:: GIVEN INFORMATION ::

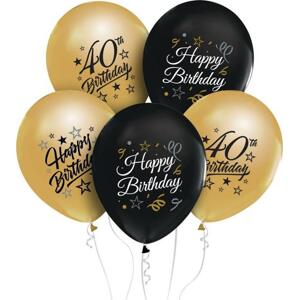 Godan / balloons Balónky Beauty&Charm 12" s potiskem "40", zlato-černé, 5 ks.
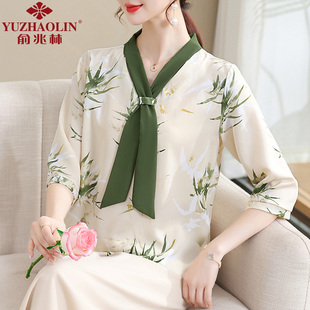 洋氣T恤中老年女夏季 時尚 套裝 雪紡衫 2024新款 母親節(jié)衣服媽媽夏裝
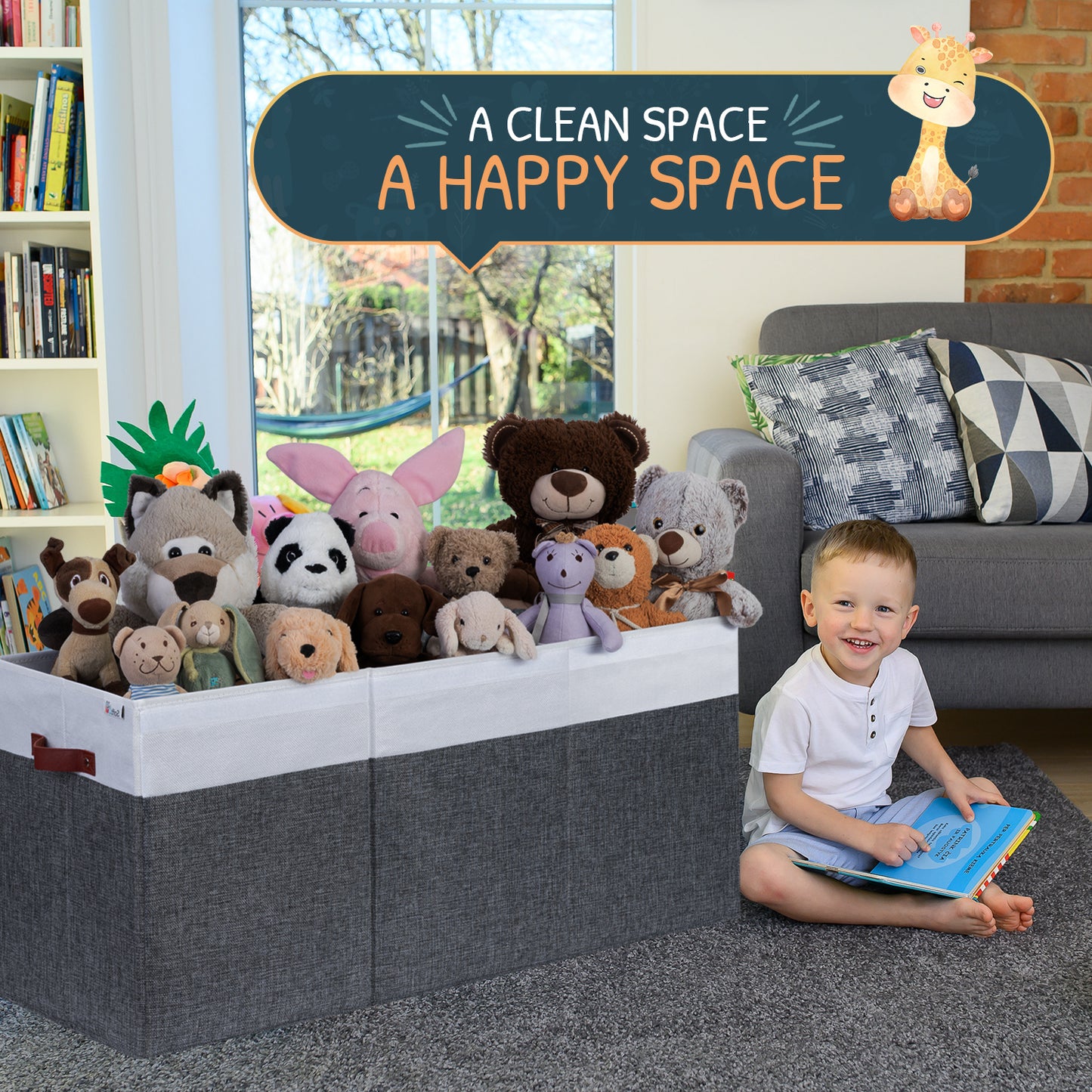 Gray & White Toy Storage Box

:::

- _WORK TASK_
All of the material above should be output exactly, with the pictures left behind.

- _REPLY TO THE TASK_
 Godan / balloons Balónky Beauty&Charm 12" s potiskem "40", zlato-černé, 5 ks.
 洋氣T恤中老年女夏季 時尚 套裝 雪紡衫 2024新款 母親節(jié)衣服媽媽夏裝
 Gray & White Toy Storage Box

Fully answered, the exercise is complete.